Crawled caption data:
▬▬▬▬▬▬▬▬▬▬

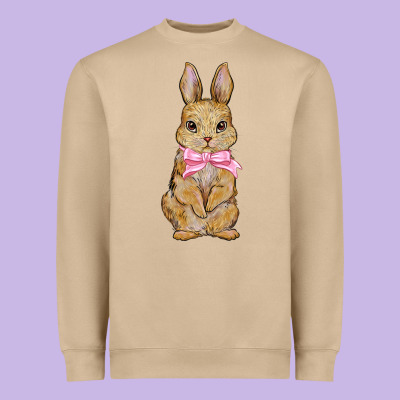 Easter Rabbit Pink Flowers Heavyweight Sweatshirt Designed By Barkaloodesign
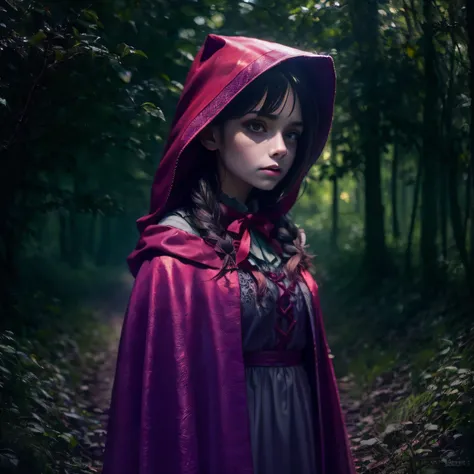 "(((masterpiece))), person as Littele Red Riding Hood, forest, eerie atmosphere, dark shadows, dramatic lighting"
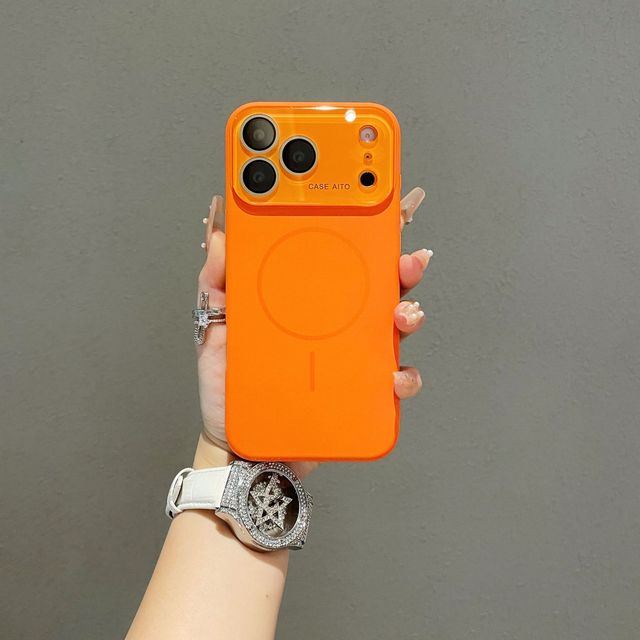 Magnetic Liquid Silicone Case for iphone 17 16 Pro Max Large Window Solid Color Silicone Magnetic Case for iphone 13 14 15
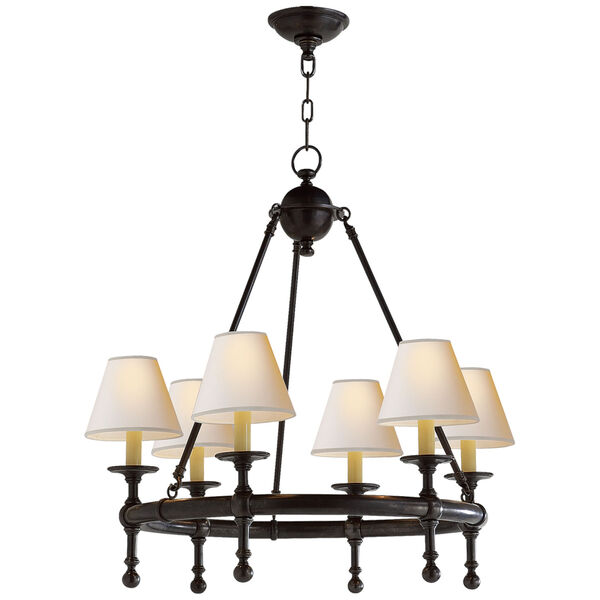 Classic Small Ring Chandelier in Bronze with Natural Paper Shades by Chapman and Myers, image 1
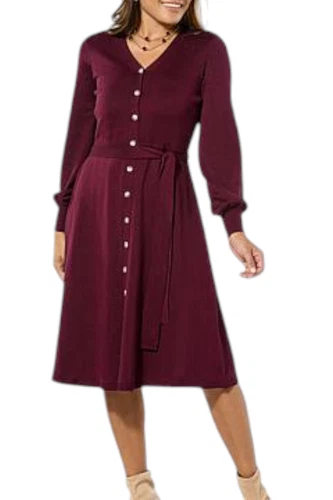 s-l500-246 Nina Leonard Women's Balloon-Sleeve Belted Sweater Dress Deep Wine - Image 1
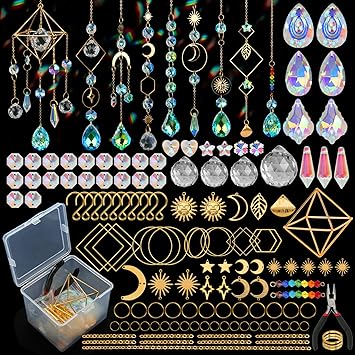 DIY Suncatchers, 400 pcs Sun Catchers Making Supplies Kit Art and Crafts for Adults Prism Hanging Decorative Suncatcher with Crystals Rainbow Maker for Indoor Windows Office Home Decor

▬▬▬▬▬▬▬▬▬▬

* [ASSIGNED TASK] Write out the records in full and exactly, omitting the pictures they hold.

* [SOLUTION TO THIS EXERCISE]
 Easter Rabbit Pink Flowers Heavyweight Sweatshirt Designed By Barkaloodesign
 "(((masterpiece))), person as Littele Red Riding Hood, forest, eerie atmosphere, dark shadows, dramatic lighting"
 Magnetic Liquid Silicone Case for iphone 17 16 Pro Max Large Window Solid Color Silicone Magnetic Case for iphone 13 14 15
 Classic Small Ring Chandelier in Bronze with Natural Paper Shades by Chapman and Myers, image 1
 s-l500-246 Nina Leonard Women's Balloon-Sleeve Belted Sweater Dress Deep Wine - Image 1
 DIY Suncatchers, 400 pcs Sun Catchers Making Supplies Kit Art and Crafts for Adults Prism Hanging Decorative Suncatcher with Crystals Rainbow Maker for Indoor Windows Office Home Decor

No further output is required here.